Das wiegt schwerer als Fragen von Stil und Professionalität, über die angesichts der aggressiven Sabotage, die die CSU als kleinster Koalitionspartner derzeit betreibt, auch zu reden wäre. Damit sind nicht die üblichen Uneinigkeiten gemeint, die sich darin zeigen, dass etwa in der Klimapolitik, bei der Belebung der ländlichen Regionen und beim Internetausbau noch immer nichts vorangeht.
Bittere Wahrheiten
Vielmehr treten einige bittere Wahrheiten zutage – bitter jedenfalls für alle, die diese neue große Koalition als vielleicht letzte Chance begriffen haben, dem Durchmarsch des Populismus auch in Deutschland noch etwas entgegenzusetzen. Das naheliegendste dieser Erkenntnisse ist, dass die Auswirkungen der Flüchtlingskrise von 2015 auf die deutsche Politik längst noch nicht verdaut sind.
Doch es ist nicht allein die CSU, der das Flüchtlingsthema noch unter den Nägeln brennt, auch bei den Bürgern gibt es kaum ein politisches Thema, das so hitzig diskutiert wird. Das mag auch daran liegen, dass andere Probleme zu kompliziert sind, um sich im Alltag darüber aufzuregen. Aber einen so anhaltenden Gesprächsbedarf können weder TV-Talkshows, noch Minister-Stänkereien allein auslösen.
Selbst bei der CSU hat die Eskalation des Themas ihren Grund nicht nur in Sturheit, Trotz und Angst vor Wählerflucht zur AfD. Vielmehr haben die drei Koalitionäre verschiedene Schlüsse daraus gezogen, dass sie im Herbst ihre schlechtesten Wahlergebnisse seit Jahrzehnten eingefahren haben.
Auch ihre Analysen, wie der Vertrauenskrise gegenüber Politik und Medien, ja der Krise der gesamten liberalen Demokratie beizukommen sei, unterscheiden sich grundlegend: Das ist die Wurzel des üblen Bildes, das die große Koalition gerade abgibt.
Den simpelsten Lösungsansatz verfolgt die CSU, die wie schon zu Zeiten von Franz Josef Strauß versucht, die Wähler am rechten Rand zu integrieren. Dafür agiert sie längst so populistisch wie Trump persönlich. Bislang ist diese Taktik im Kampf gegen Rechtsradikale wie NPD und Republikaner aufgegangen.

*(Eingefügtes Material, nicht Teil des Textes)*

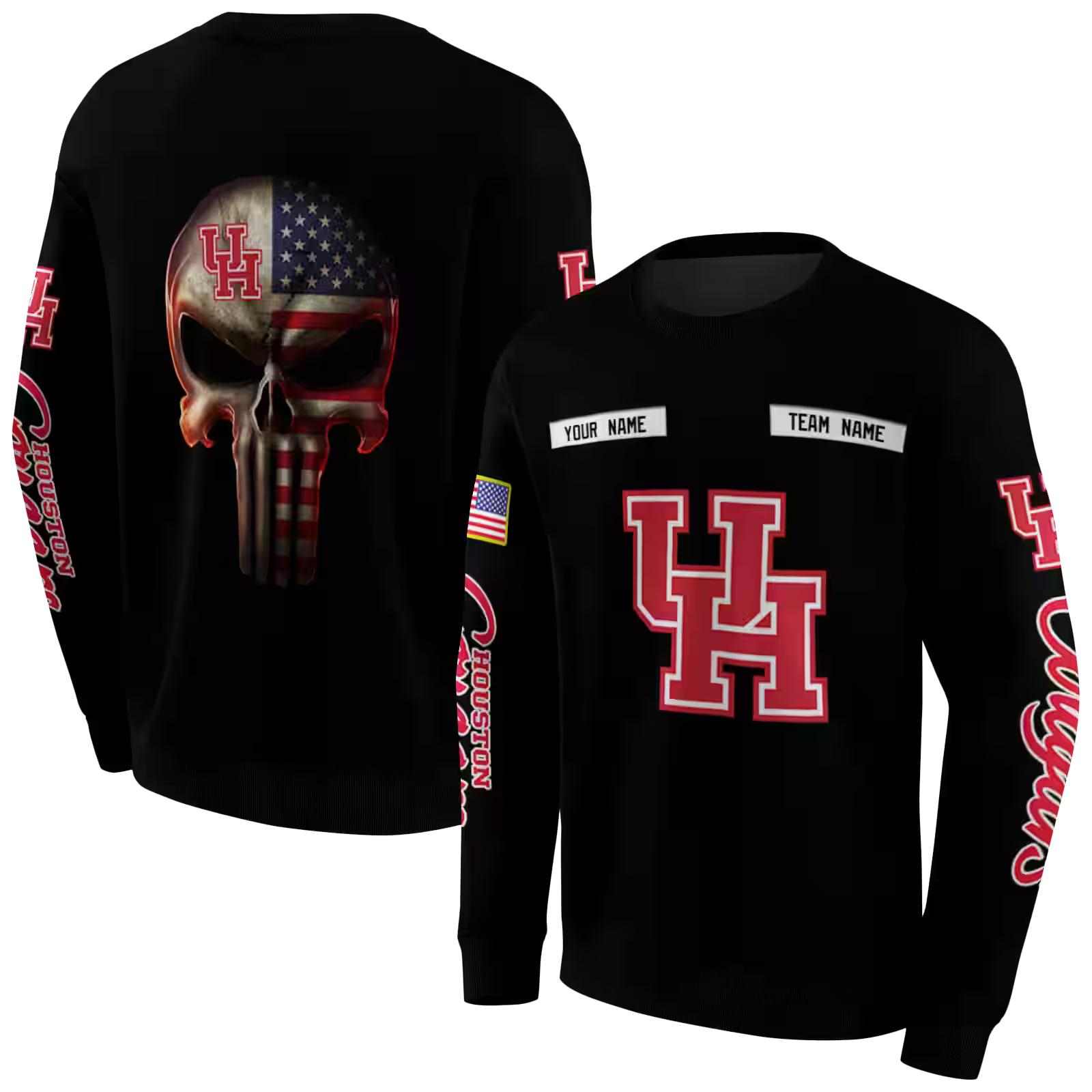 custom houston cougars punisher skull black hoodie premium grade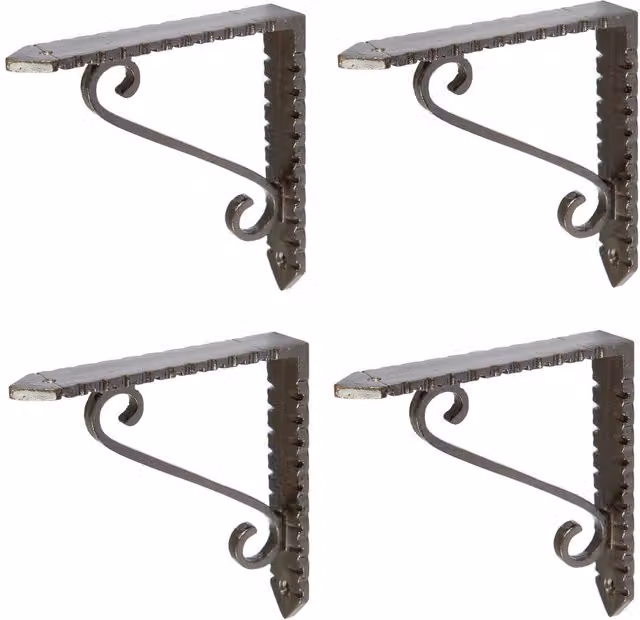 Hammer and Tongs Notched Scroll Iron Shelf Brackets, Pack of 4, Black/Grey, Diameter: 105 mm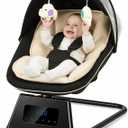 Pamo Babe Portable Baby Swing - Electric Baby Rocker with Cry Detection, 5 Swing Speeds, Bluetooth & Remote Control, Adjustable Backrest, Indoor & Outdoor Swing Chair for Newborn Babies - Black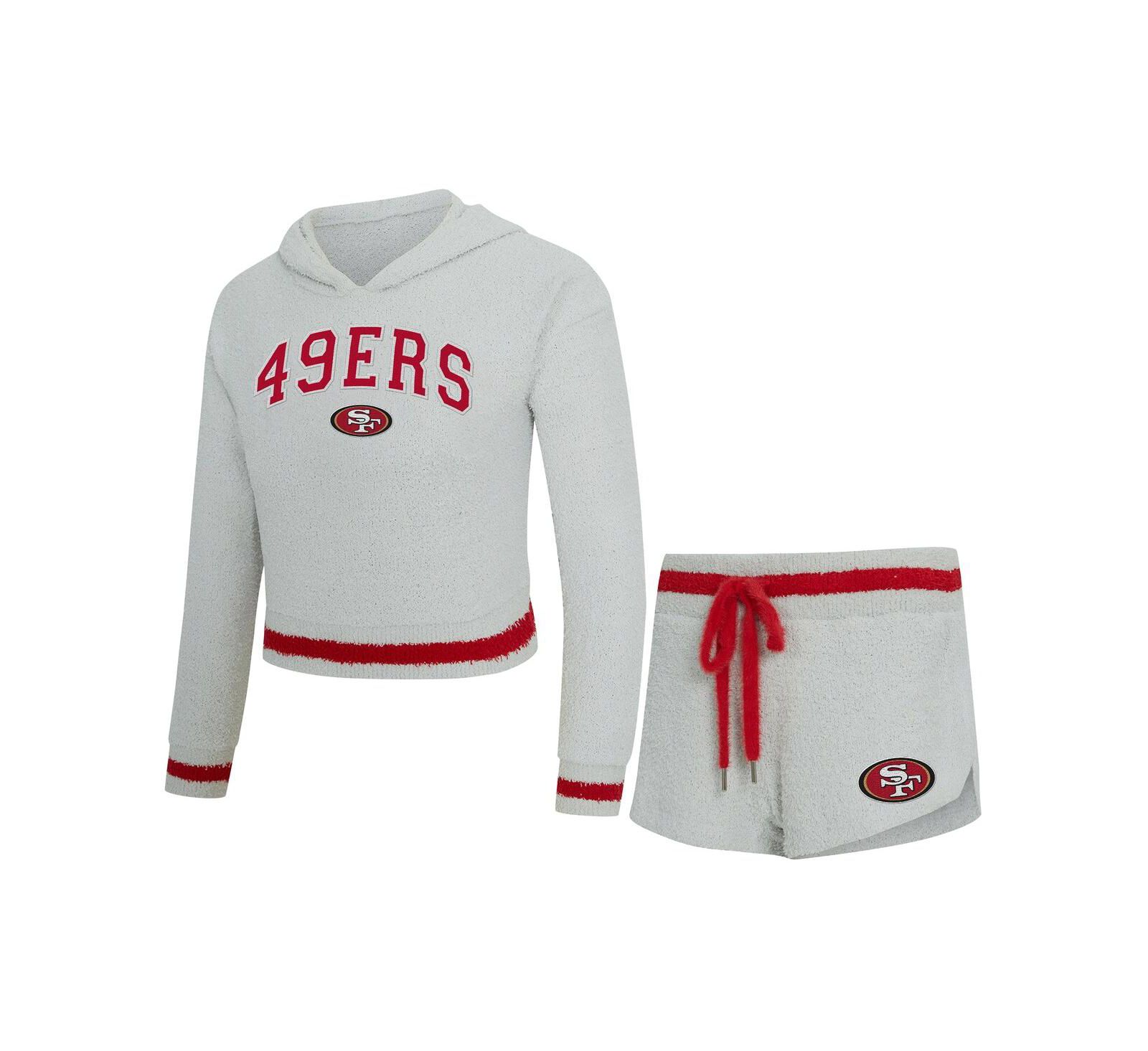 Женский комплект Concepts Sport Gray San Francisco 49ers Whitley Long Sleeve Hoodie Top Shorts Set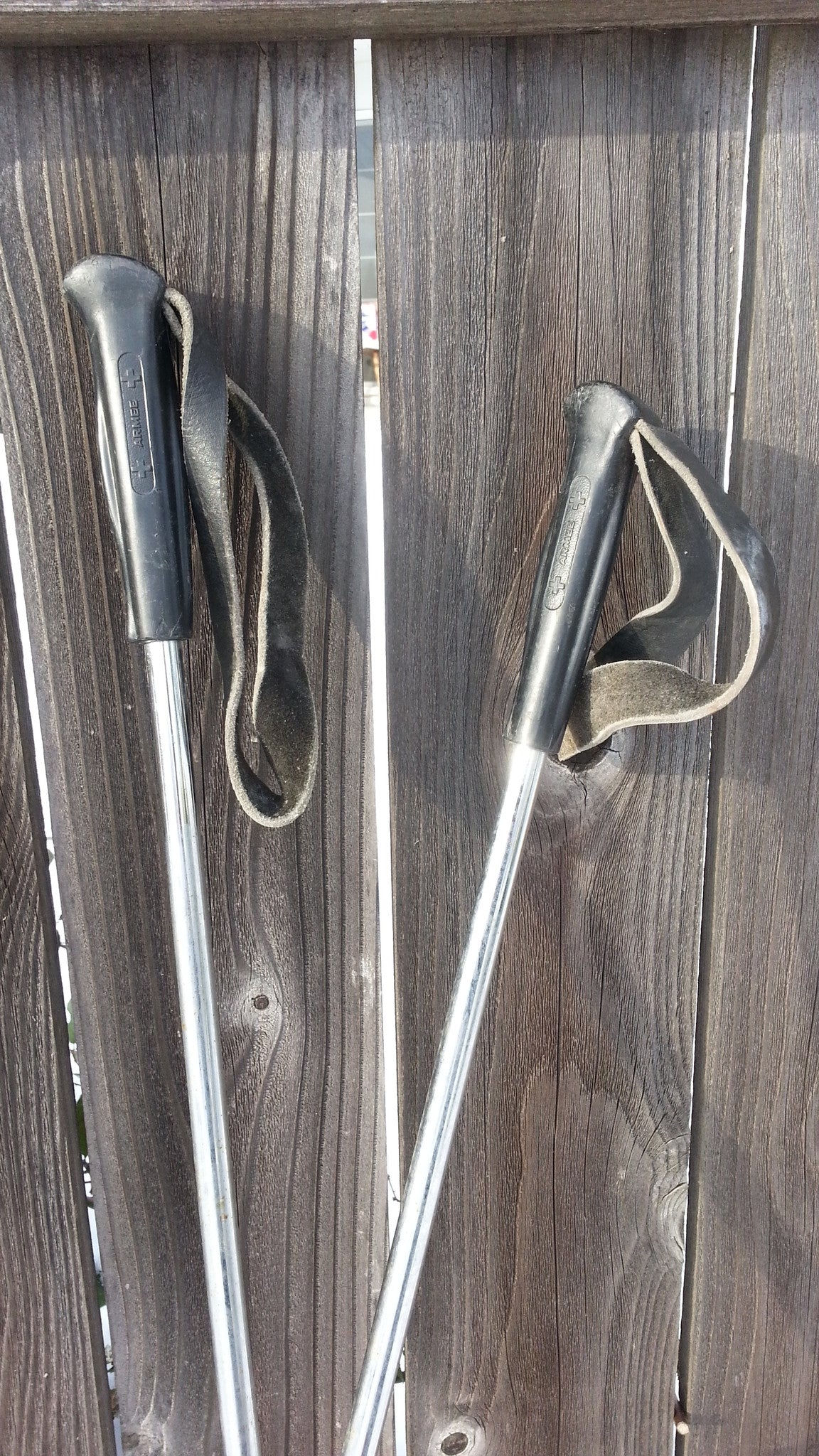 WWII Swiss Army Ski Poles - Vintage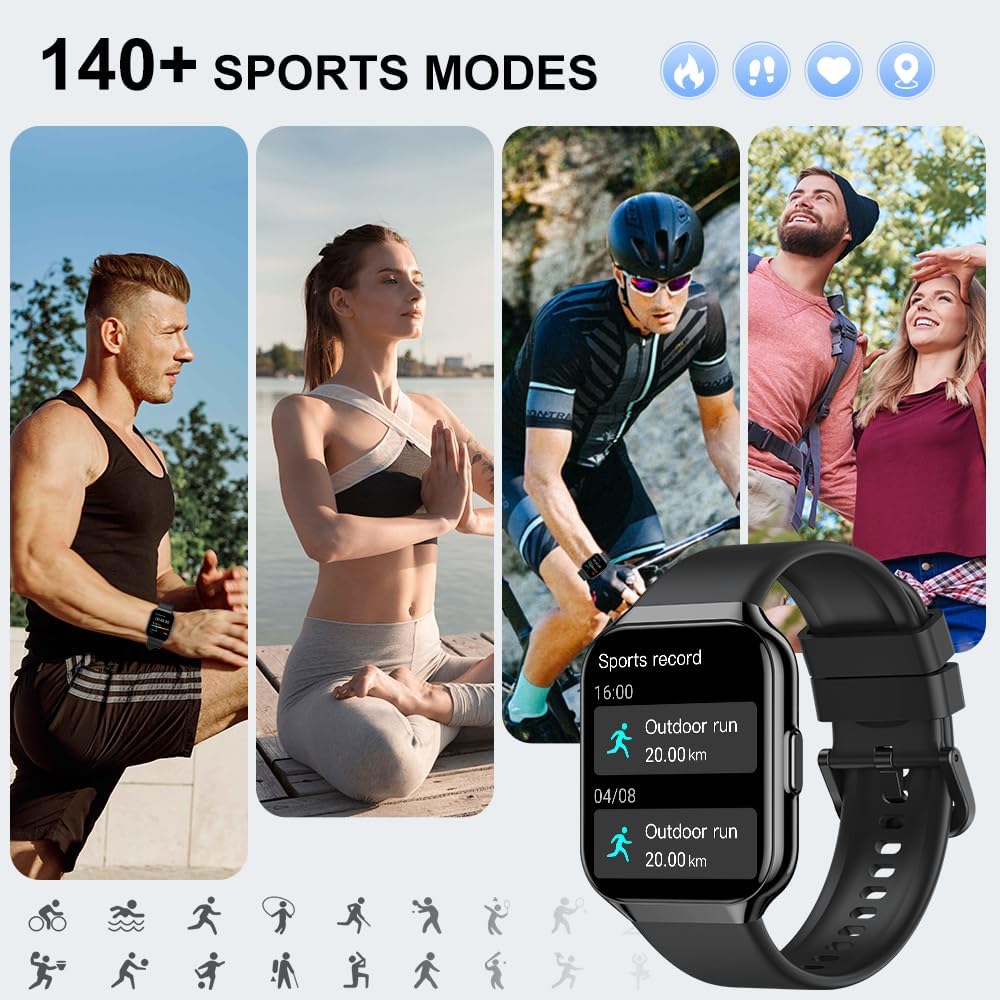 Smart Watch for Men Women Answer/Make Calls , 1.96" HD Touch Screen Smartwatch, Fitness Watch with Heart Rate/Sleep/SpO2 Monitor, IP68 Waterproof, 140+Sport Mode Activity Trackers for Android iOS-5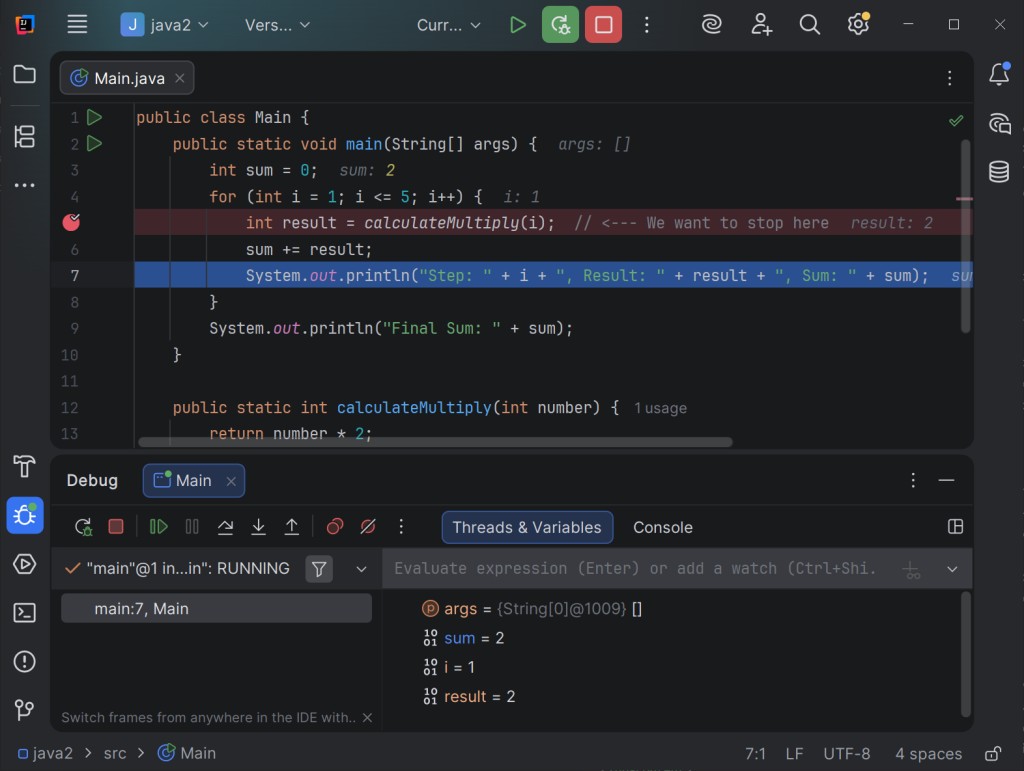 Variables sum and result updated in the Variables pane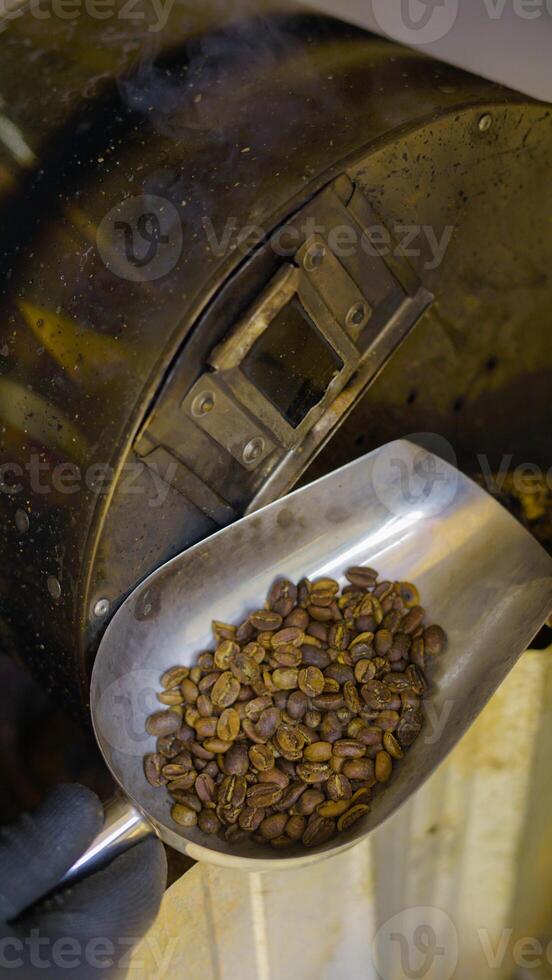Bajawa's traditional coffee roasting process, showcasing rich beans being expertly roasted, capturing the essence of local culture and flavor. photo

Für diese Strategie zahlten sie später in den 90er Jahren den Preis, das Asylrecht faktisch abzuschaffen. Diesen Preis war damals auch die CDU bereit zu zahlen. Unter Merkel versuchen die Christdemokraten inzwischen, konstruktiver vorzugehen. Dem Krawall von Rechts wollen sie das Bekenntnis zu Europa und eine Botschaft von innerer und äußerer Sicherheit entgegensetzen, um AfD & Co. die Möglichkeit zu nehmen, entsprechende Sorgen auszuschlachten.
Doch sowohl in Europa, als auch auf anderen Kontinenten geben längst Populisten und Autokraten derart den Ton an, dass dieser Plan nicht aufgeht – und Merkel nicht einmal mehr von ihrem alten Ruf als Krisenmanagerin profitieren kann.
SPD kann nicht punkten
Die Sozialdemokraten schließlich haben aus der Wahl die eigentlich plausible Lehre gezogen, dass Abstiegsängste und soziale Ungleichheit die tiefere Ursache dafür sind, dass so viele Deutsche sich von der SPD und anderen Etablierten abwenden.
Gerade die ersten Wochen der neuen großen Koalition nutzten die Sozialdemokraten deshalb für den Start zahlreicher Projekte, die den Deutschen ganz konkret helfen sollen: das Rückkehrrecht von Teilzeit- in Vollzeitjobs, höheres Kindergeld, die gleichberechtigte Finanzierung der Krankenkassen durch Arbeitgeber. Allein, weder den Umfragewerten der SPD, noch dem Ruf der Groko oder der Stimmung im Land hat das geholfen.
Als Bündnis aus der Zeit gefallen?
Es wäre eine besonders bittere Erkenntnis, wenn sich auch diese Analyse als falsch herausstellte: dass es den Menschen nur gut gehen muss, damit sie an Demokratie, Weltoffenheit und Hilfsbereitschaft glauben. Dann würden Deutschland und Europa erst wieder in ruhigere Fahrwasser geraten, wenn die EU eine Festung ist und abgehängte wie bürgerliche Wähler das Gefühl haben, wieder in einem Nationalstaat alter Prägung zu leben.
Wenn es so wäre, wäre der Grund für die Krise der Groko, dass sie als Bündnis schon aus der Zeit gefallen ist – und dass uns noch weitaus dunklere Zeiten bevorstehen.